This weekend an event that only happens in space every million years or so will occur when a super-sized comet passes over the red planet.
This weekend an insanely exciting space event will take place, and if you have the proper technology on hand, you might even be able to see it happen. According to NASA a gigantic comet is going to pass Mars within 87,000 miles. The speed of the comet will be right around 126,000 mph.
The comet is named Siding Spring and NASA has the five robotic explorers, three orbiters, and two rovers aimed to document the once-in-several-lifetimes event. One of the crafts, the one that is orbiting Mars, is going to use the planet as cover as the comet passes. While the comet is incoming, it will watch the large mountain-sized chunk of ice come toward the planet, and then hide to protect itself from the dangerous tail dust of Siding Spring.
While there is speculation that a dust storm on the red planet itself, could obscure the view from the rovers, it’s widely expected that they will have the best seat to the entire experience. This is data and a show that could stand for hundreds, and hundreds, of thousands of years. Statistically speaking, this is something that really does happen only once every million years.
Saturday the comet will start from the under-side of the planet and then pass directly in front of it until its front-facing Sunday night. If you’re trying to see the event though here on Earth, that may be more difficult than originally estimated.
Unfortunately, unless you’re in the southern hemisphere, viewing will be challenging. However, those who live in the southern hemisphere will have plenty of opportunity to see the comet buzz by the red planet. If you want to see the comet, you’ll definitely need binoculars.

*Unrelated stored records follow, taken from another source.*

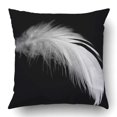 thumbnail image 1 of RYLABLUE Housse de Coussin Plume sur Noir 16x16 Pouces, 1 of 1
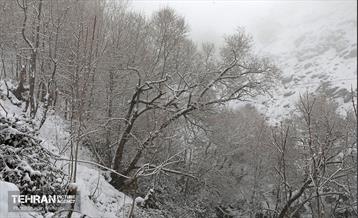 بارش برف زمستانی در تهران 20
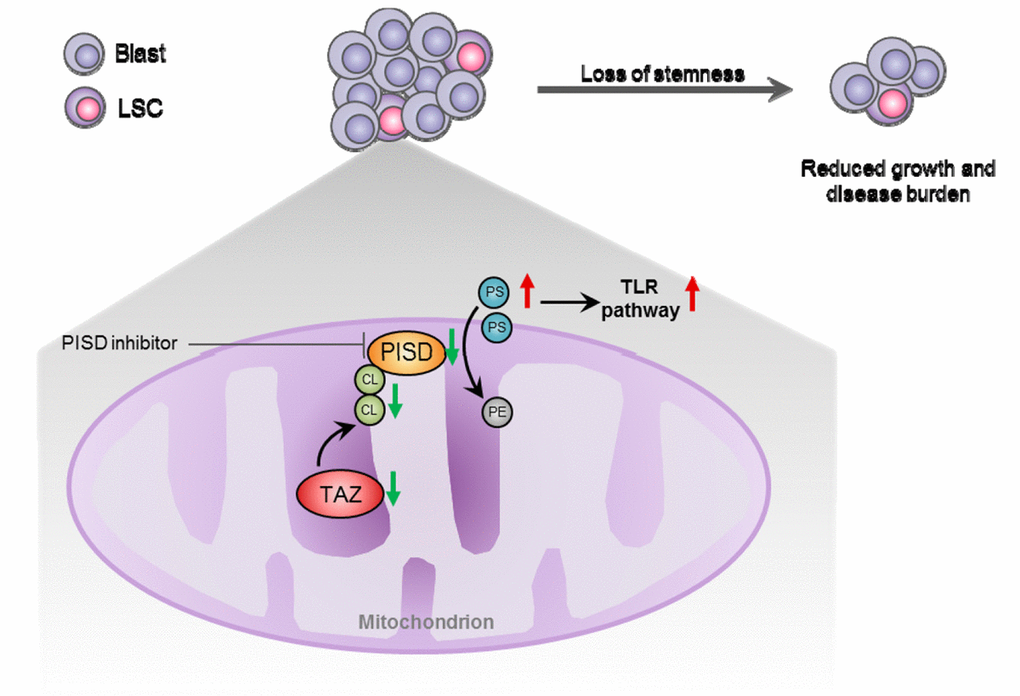 Phospholipid metabolism regulates AML growth and stemness. Loss of tafazzin (TAZ) reduces cardiolipin (CL) level and causes subsequent dysfunction of phosphatidylserine decarboxylase (PISD), which in turn increases intracellular levels of PS. PS suppresses acute myeloid leukemia (AML) stemness and induces AML differentiation through activation of Toll-Like Receptor (TLR) pathway. PISD inhibitor, genetic knockout of PISD or supplementation of PS result in the same therapeutic effect, suggesting increasing PS is a potential therapeutic strategy for AML.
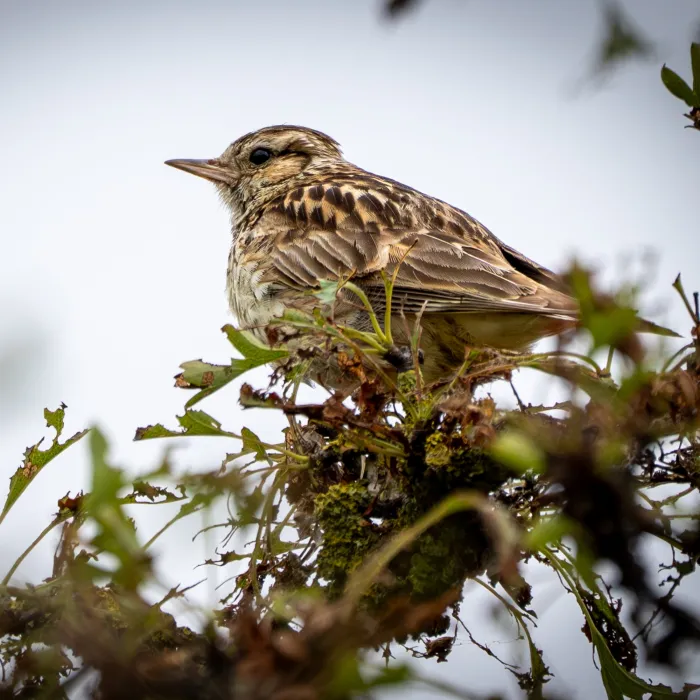 Wood Lark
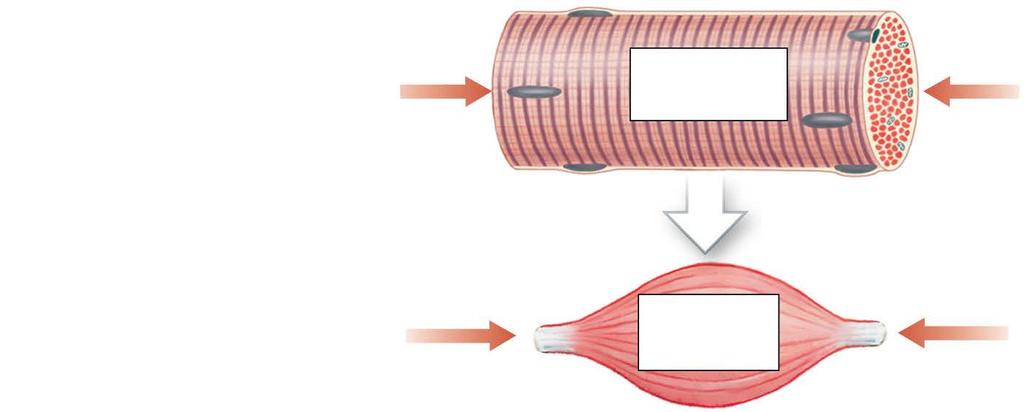 Figure 10-9 An Overview of Skeletal Muscle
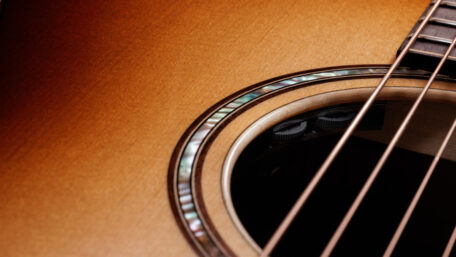 Taylor Claria Pickup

However, just how rare this event is, is perhaps the most unique factor heading into the weekend. This comet will formed during the first million or two years that the solar system existed. And in the solar systems 4.6 billion year history, this particular comet has never come any closer than the sun’s distance away from anything in our region of the solar system. To give some comparison, the distance between Mars and this comet is just a third of what is between the Earth and Moon.